She's right. Nile is fighting fluidly now, clearly freed from her self-imposed restraint, and she's good, she's _very_ good. But Joe has been watching his Nicolò fight for nearly a thousand years, and as much raw talent and Marine training as Nile might have, it's no match for that depth and breadth of experience. Yet she's clearly winning, inasmuch as this sort of sparring match can have a winner, dealing out far more damage than she's taking. For all that Nicky always keeps at least one knife in his hands, he never draws blood, dealing blows with kicks or elbow jabs instead, even while allowing her to slash and stab at him many times.

It takes a great deal of skill and control to lose a fight this carefully without letting your opponent realize it's deliberate.

"Maybe he wants to boost her confidence," Joe says, a little uncertainly.

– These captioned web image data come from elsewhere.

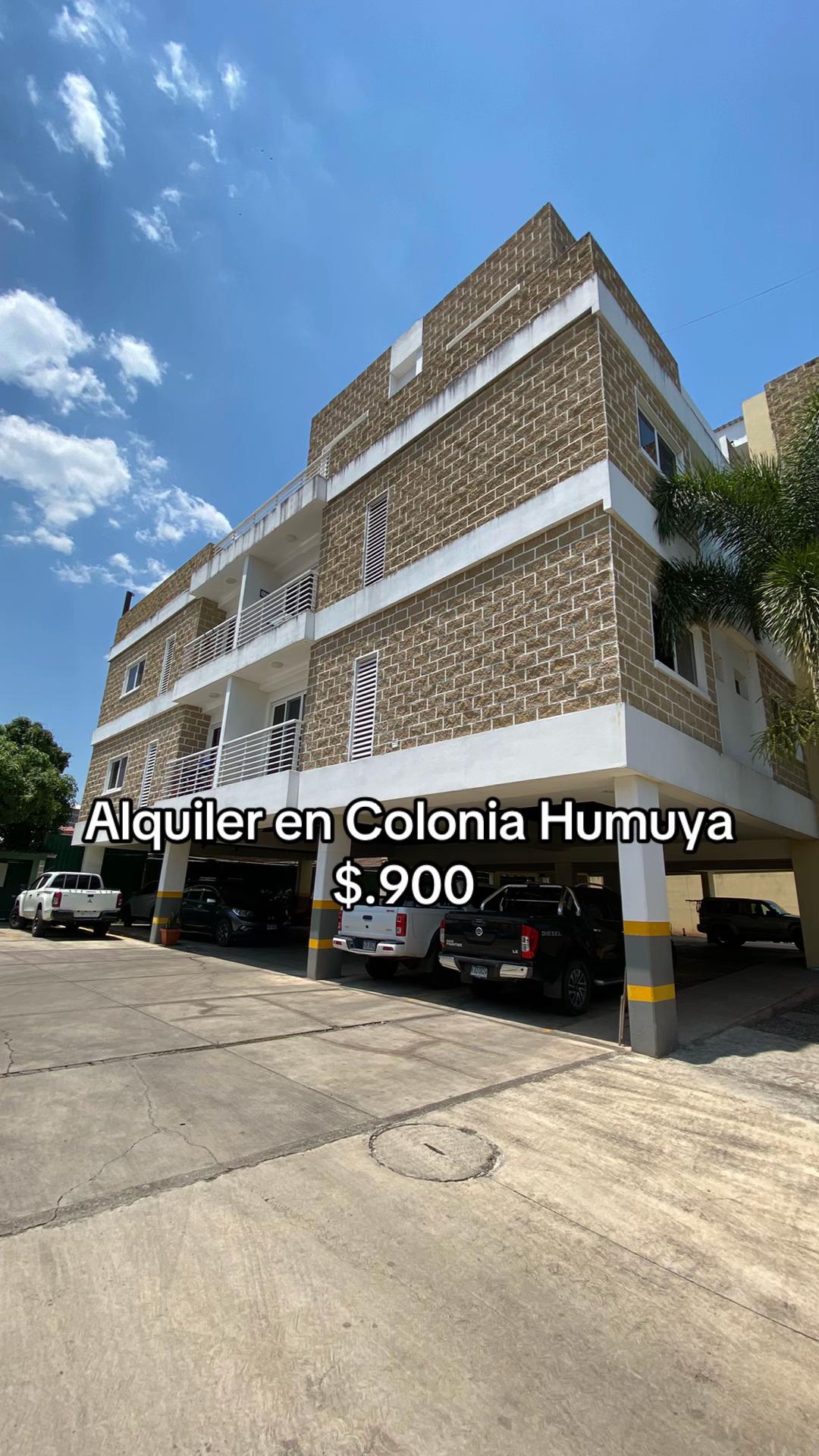 @Venta/Alquileres Tegucigalpa🏠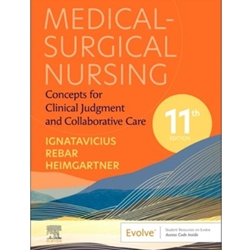 MEDICAL-SURGICAL NURSING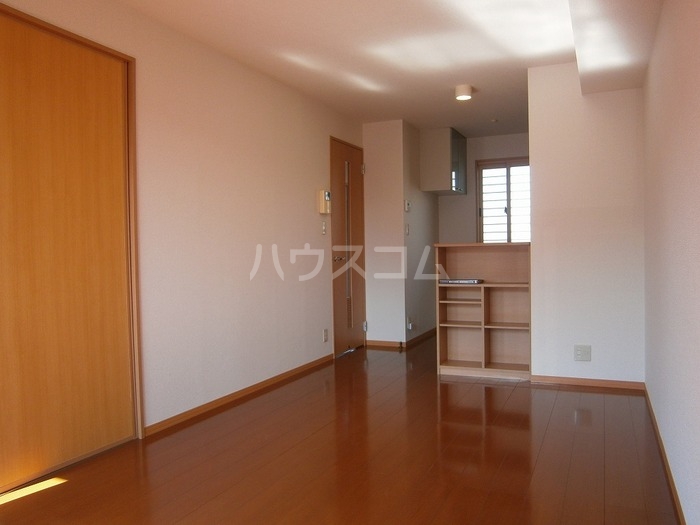 3/17 リビング/ダイニング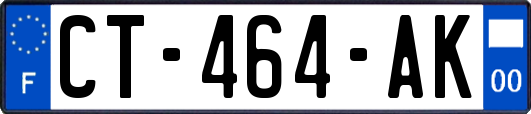CT-464-AK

"Hmm," Andy murmurs. "Maybe."

The match ends when Nile somehow manages to plant her knife squarely between Nicky's ribs, near his heart. She blinks, then recoils, falling all over herself with apologies. Nicky just laughs it off, though he does grimace as he removes the blade from his chest. Fortunately, she didn't hit any major arteries, and it's already begun to heal before it manages to kill him properly. So she didn't _technically_ murder him. He congratulates her and heads back inside, saying he needs to change out of his bloodstained clothes.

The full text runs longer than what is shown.